───── DATA LISTING

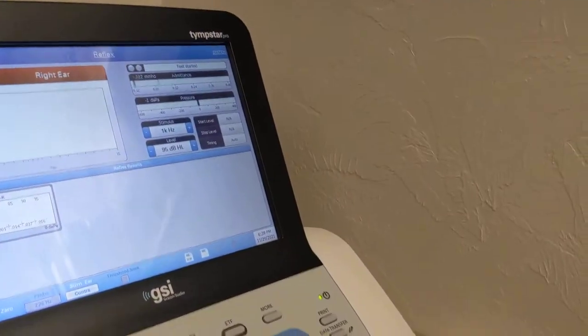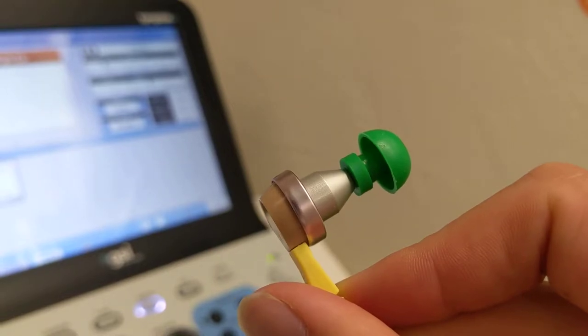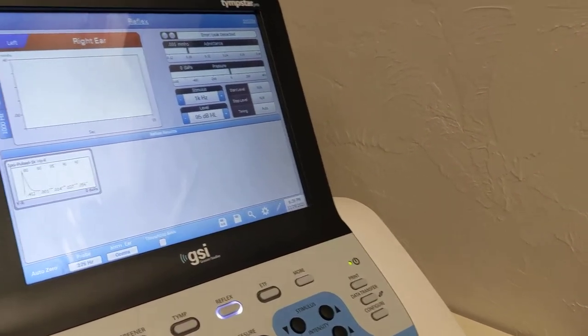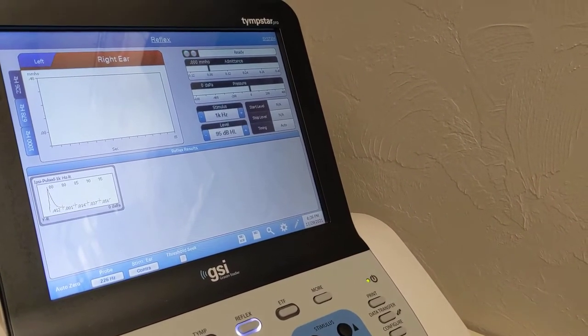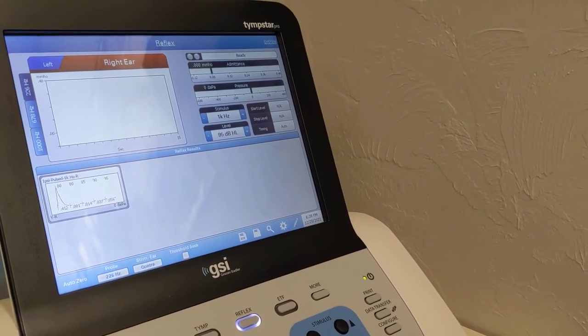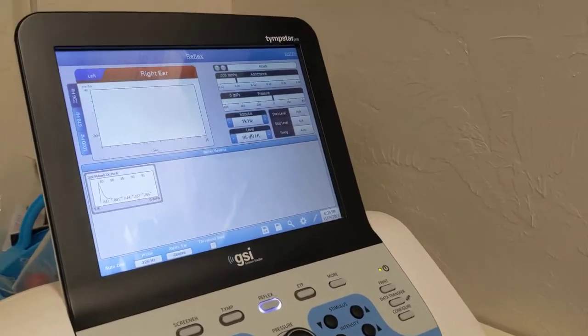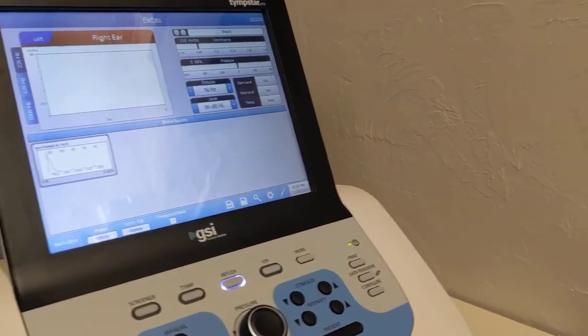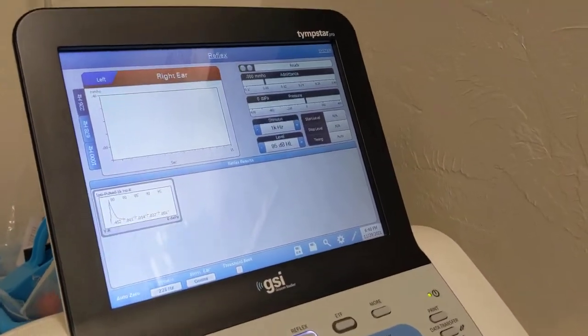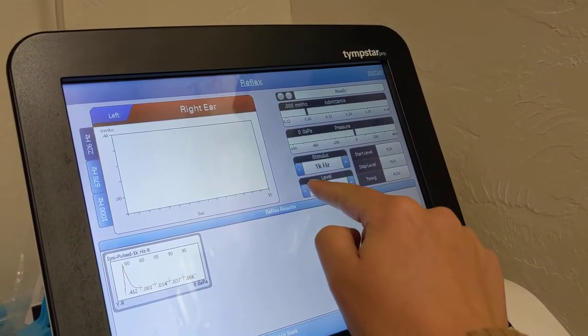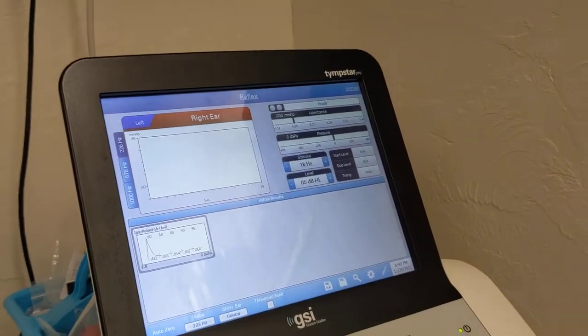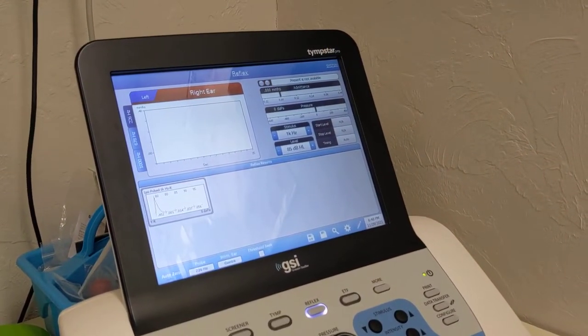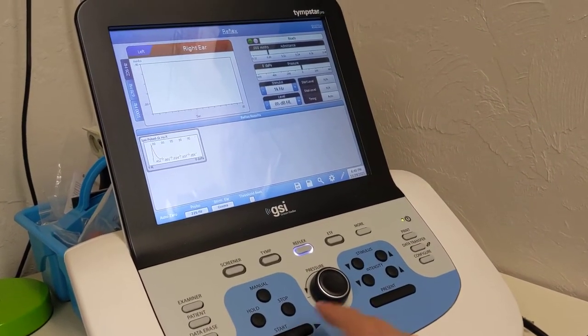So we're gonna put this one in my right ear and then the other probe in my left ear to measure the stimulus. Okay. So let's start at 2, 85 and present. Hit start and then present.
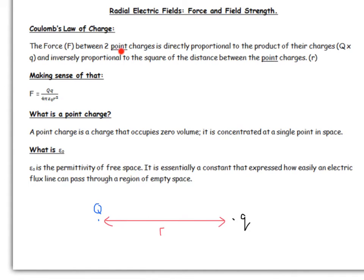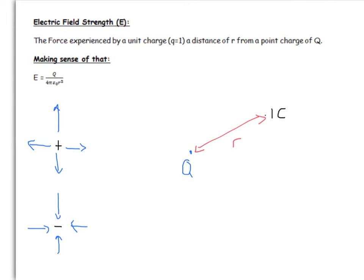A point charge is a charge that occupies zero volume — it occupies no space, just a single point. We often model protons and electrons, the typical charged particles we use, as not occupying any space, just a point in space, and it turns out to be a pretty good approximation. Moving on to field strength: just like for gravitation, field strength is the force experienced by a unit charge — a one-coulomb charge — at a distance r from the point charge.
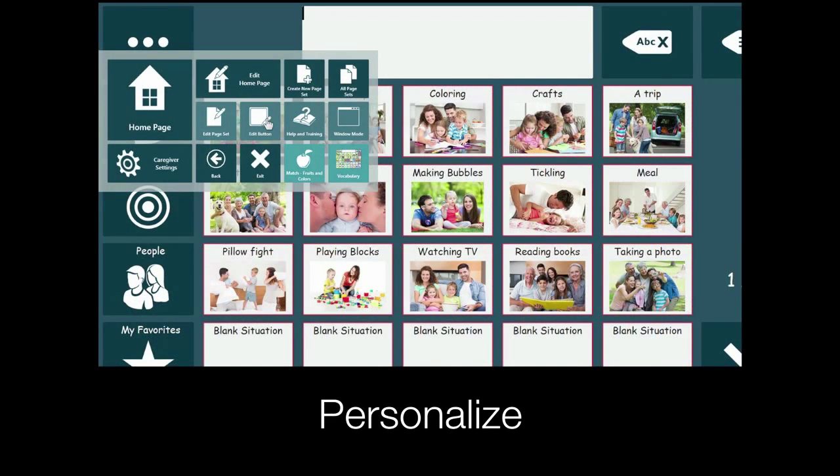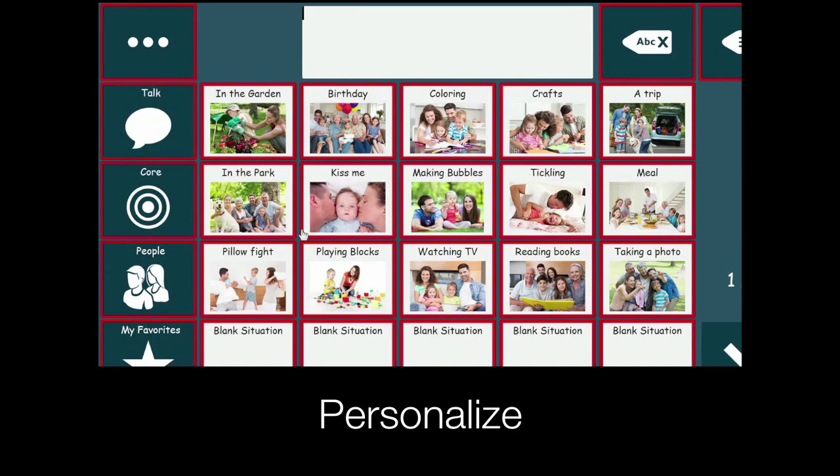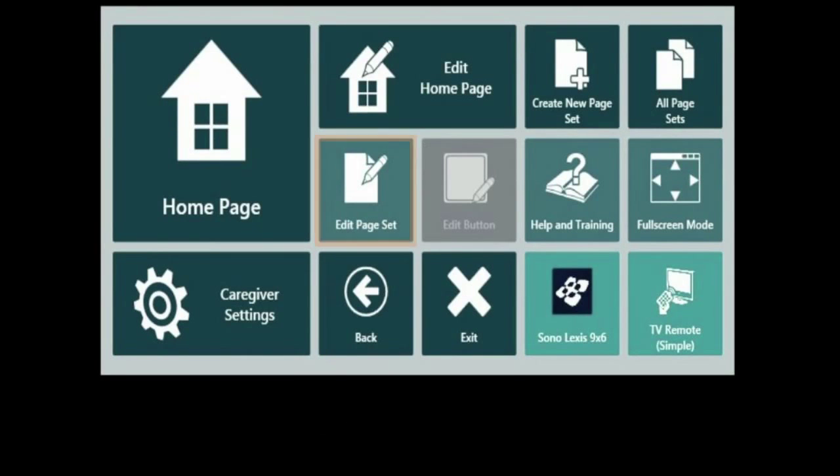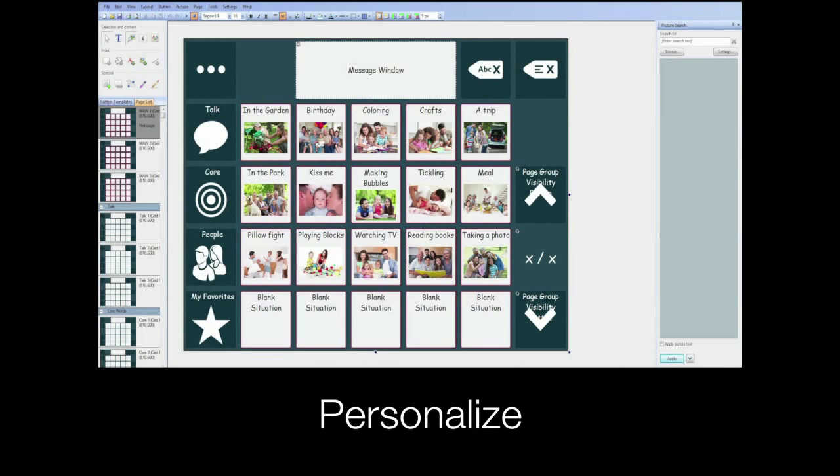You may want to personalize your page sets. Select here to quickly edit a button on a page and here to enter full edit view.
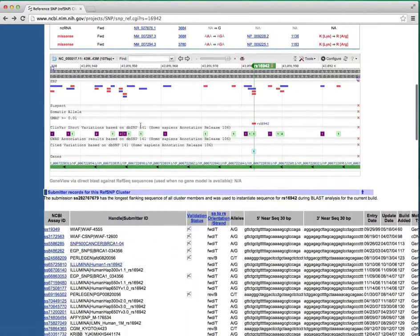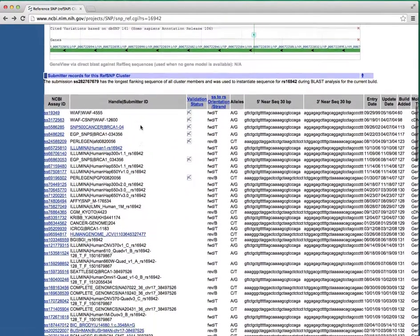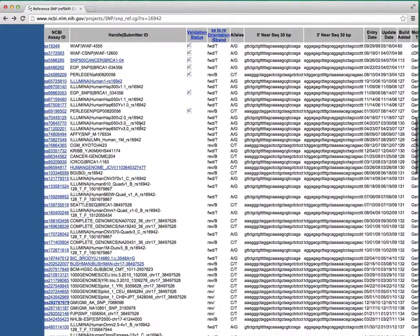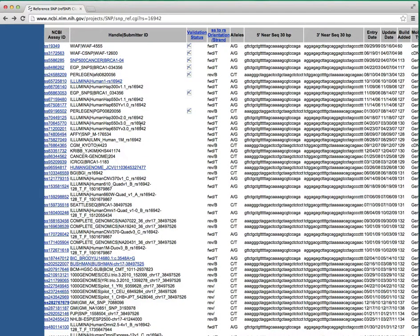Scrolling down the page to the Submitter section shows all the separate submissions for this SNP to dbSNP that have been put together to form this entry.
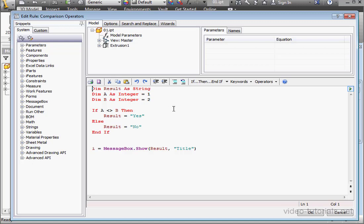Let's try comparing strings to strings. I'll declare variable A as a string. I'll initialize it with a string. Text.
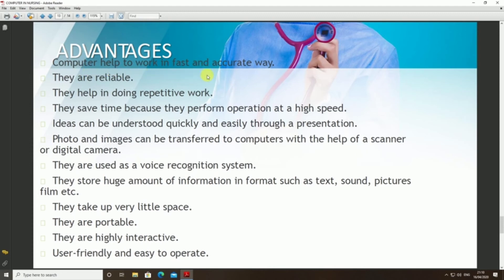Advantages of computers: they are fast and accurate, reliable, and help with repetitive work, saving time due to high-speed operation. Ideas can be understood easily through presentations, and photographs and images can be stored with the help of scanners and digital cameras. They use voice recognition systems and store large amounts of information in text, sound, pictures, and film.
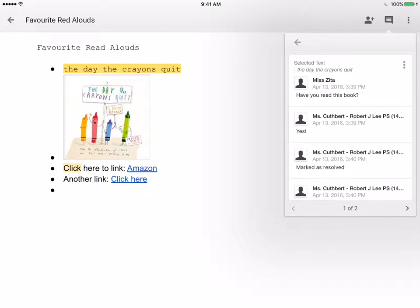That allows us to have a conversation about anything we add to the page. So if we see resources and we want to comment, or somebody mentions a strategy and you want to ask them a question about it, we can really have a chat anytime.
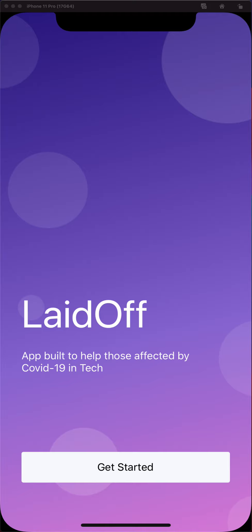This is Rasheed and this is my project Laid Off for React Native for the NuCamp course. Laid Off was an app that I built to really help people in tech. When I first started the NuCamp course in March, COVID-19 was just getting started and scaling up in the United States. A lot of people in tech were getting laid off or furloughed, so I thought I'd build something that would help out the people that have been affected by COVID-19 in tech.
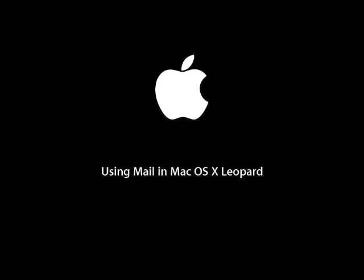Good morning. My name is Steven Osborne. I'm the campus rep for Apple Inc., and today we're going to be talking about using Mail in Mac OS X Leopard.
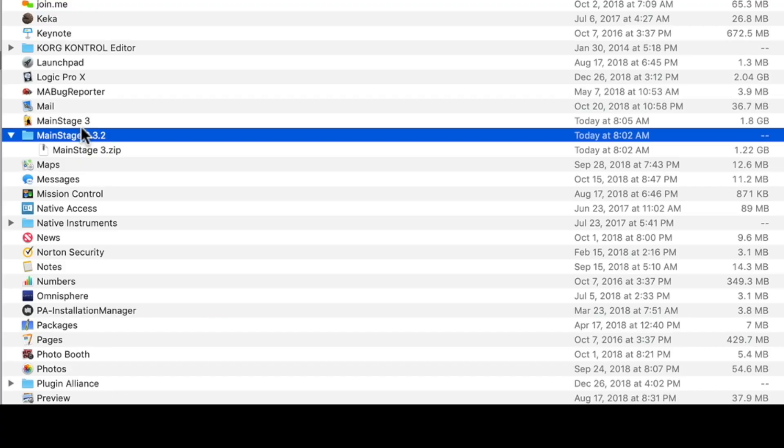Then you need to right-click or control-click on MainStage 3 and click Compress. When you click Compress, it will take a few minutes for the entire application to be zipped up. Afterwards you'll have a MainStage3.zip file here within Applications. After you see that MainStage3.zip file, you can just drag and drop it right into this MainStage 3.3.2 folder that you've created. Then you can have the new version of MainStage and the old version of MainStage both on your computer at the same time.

──────────

### WHAT IS REQUIRED
Retype only the lines from the one with "Good morning. My" through the final line of the entries, please, and keep the pictures out.

### RESPONSE BOX
Good morning. My name is Steven Osborne. I'm the campus rep for Apple Inc., and today we're going to be talking about using Mail in Mac OS X Leopard.
Then you need to right-click or control-click on MainStage 3 and click Compress. When you click Compress, it will take a few minutes for the entire application to be zipped up. Afterwards you'll have a MainStage3.zip file here within Applications. After you see that MainStage3.zip file, you can just drag and drop it right into this MainStage 3.3.2 folder that you've created. Then you can have the new version of MainStage and the old version of MainStage both on your computer at the same time.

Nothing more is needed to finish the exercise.